Perjalanan sebenarnya
baru dimuali, Jogja-Madiun dengan Sumber Group. Biasanya dalam keadaan normal perjalanan
Jogja-Madiun bisa memakan waktu lima jam. Apakah nanti akan lima jam atau lebih
aku tidak tahu, yang jelas bus begitu penuh sesak. Jalanan nampaknya juga lebih
ramai dari biasanya. Ah mulai lagi, peperangan melawan kejenuhan, dingin, dan
kepala yang mulai pusing. Kira-kira sudah lewat tengah malam ketika aku sampai
di terminal Madiun, dan waw, tak pernah kulihat salarut ini penumpang menumpuk.

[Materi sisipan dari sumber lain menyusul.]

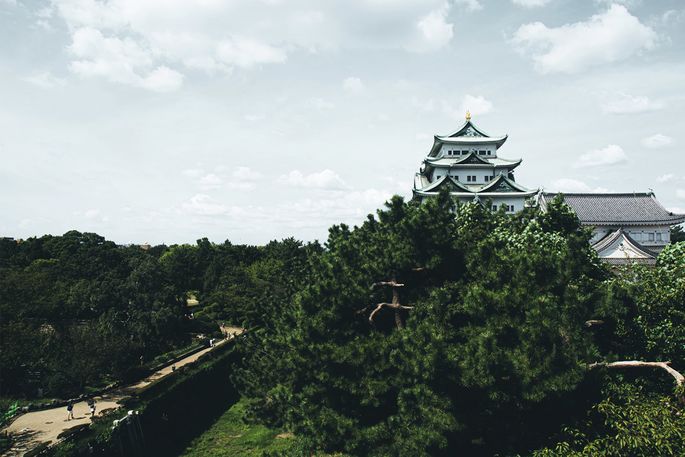 wide view of Nagoya Castle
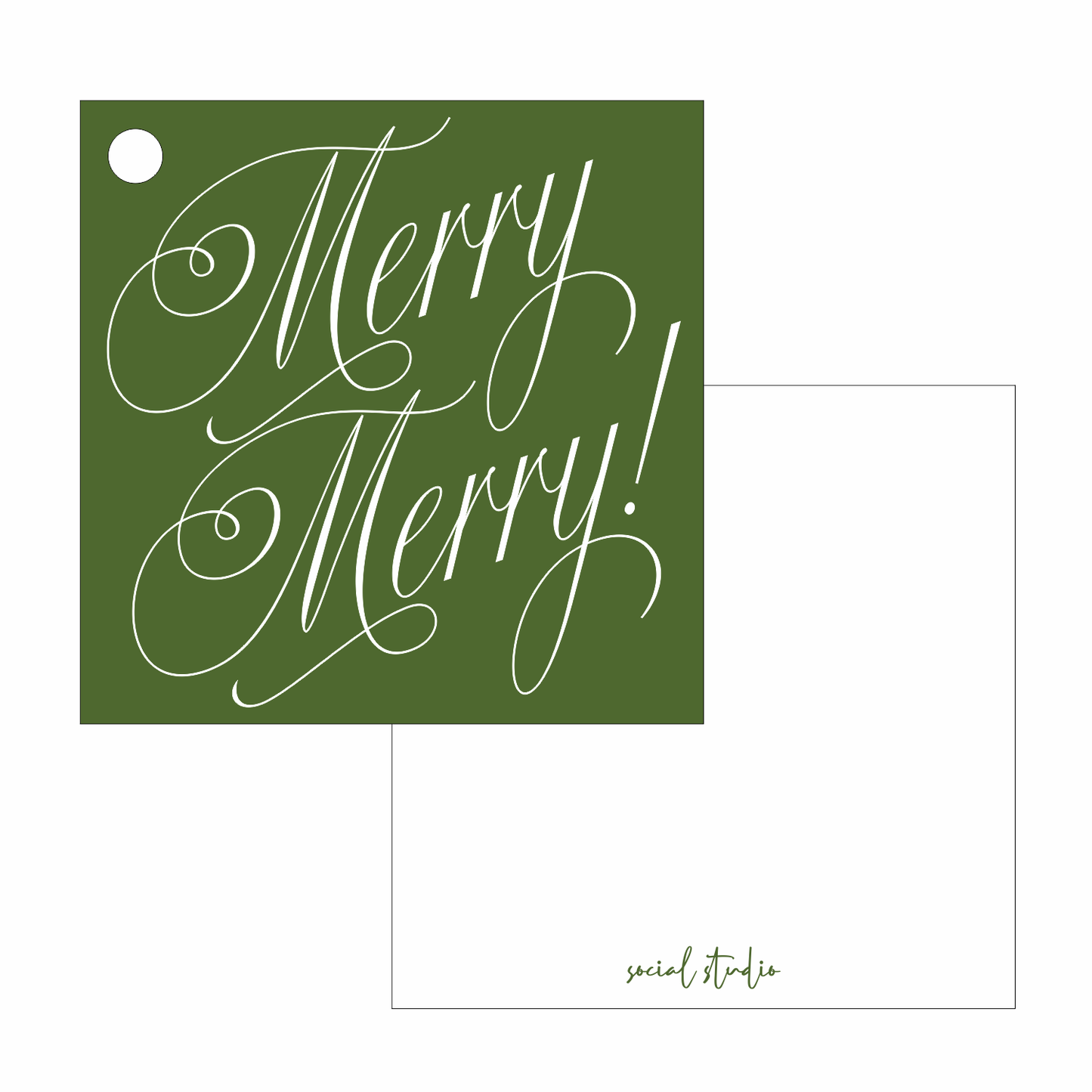 Gift Tags - Merry Merry in Green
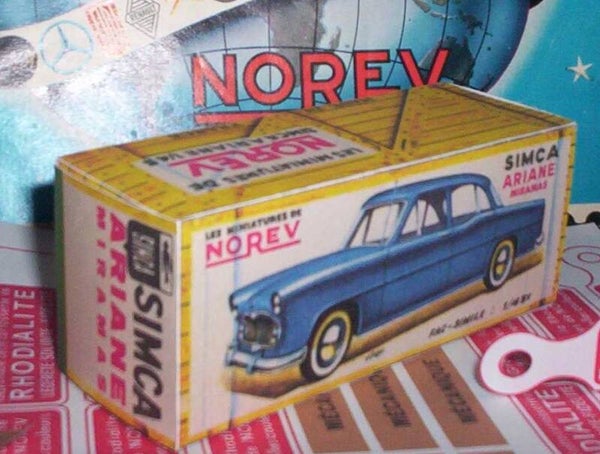 Reproduction boites Norev ancienne 1er série Simca Ariane 4 Miramas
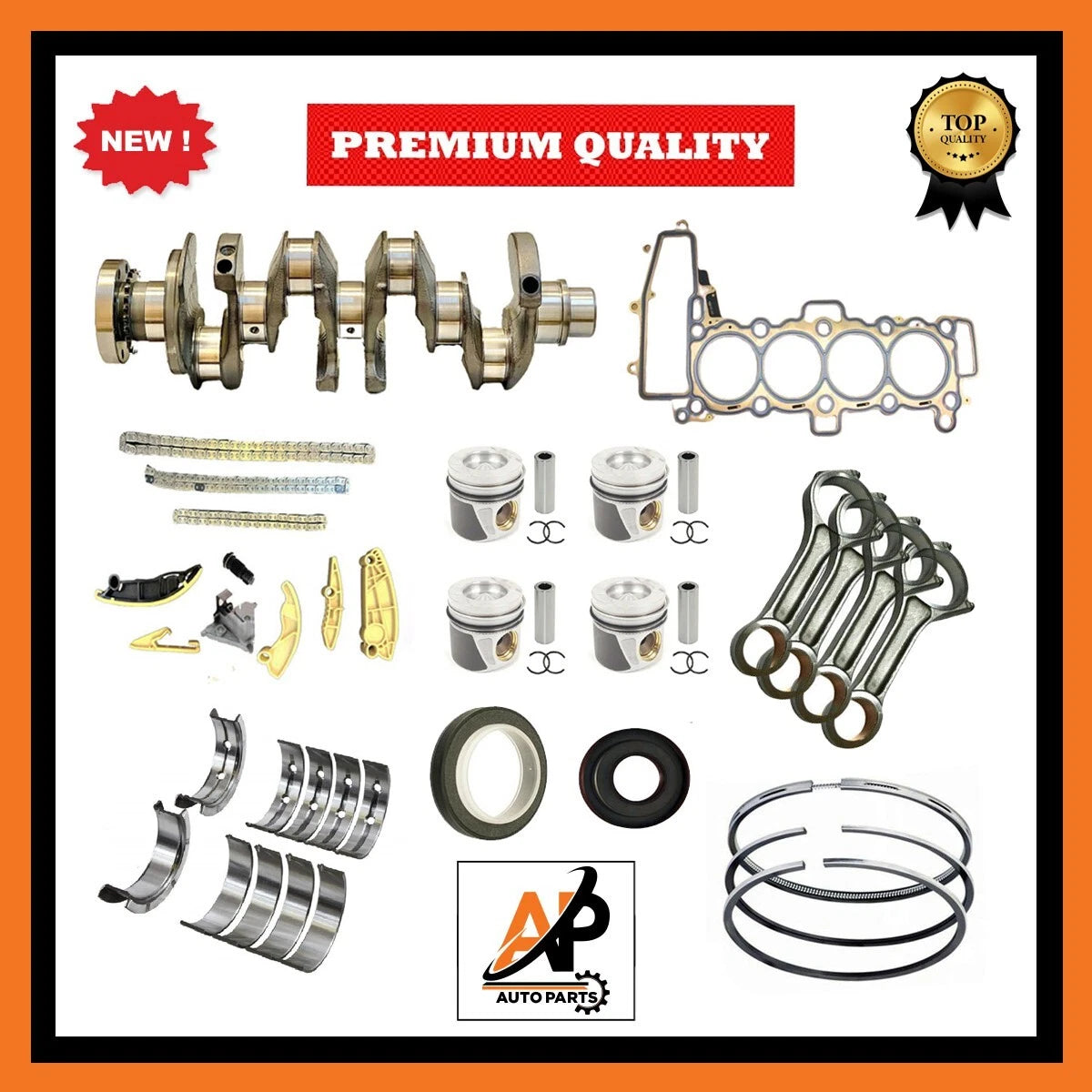 Engine Rebuild Kit with Nitrate Crankshaft for Jaguar 2.0D AJ200D (2008–2015)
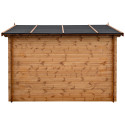 Gardy Shelter Marron Bois massif 11.86m²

Bus jurusan Ponorogo jarang-jarang muncul dan kalaupun ada hampir pasti sudah
penuh.
Penantian yang tidak
jelas. Keadaan haus dan kelaparan, seharian aku baru sekali makan, kuputuskan
menacri makan di warung terminal. Inilah pertama kalinya aku mampir ke tempat
makan di terminal. Awalnya aku hanya sekedar ingin minum, tetapi perut yang
kelaparan memaksa aku untuk membeli makan. Aku memesan the anget dan berlanjut
dengan soto ayam. Entah seperti apa rasanya makanan itu yang jelas aku
menikmatinya di tengah kelaparanku. Selesai makan kusempatkan sebentar membaca
buku. Kepalaku sudah terlalu pusing untuk bisa fokus membaca. Kuputuskan
membayar semua pesanan yang telah kunikmati dan bergegas ke pemberhentian bus
untuk menunggu bus jurusan Ponorogo.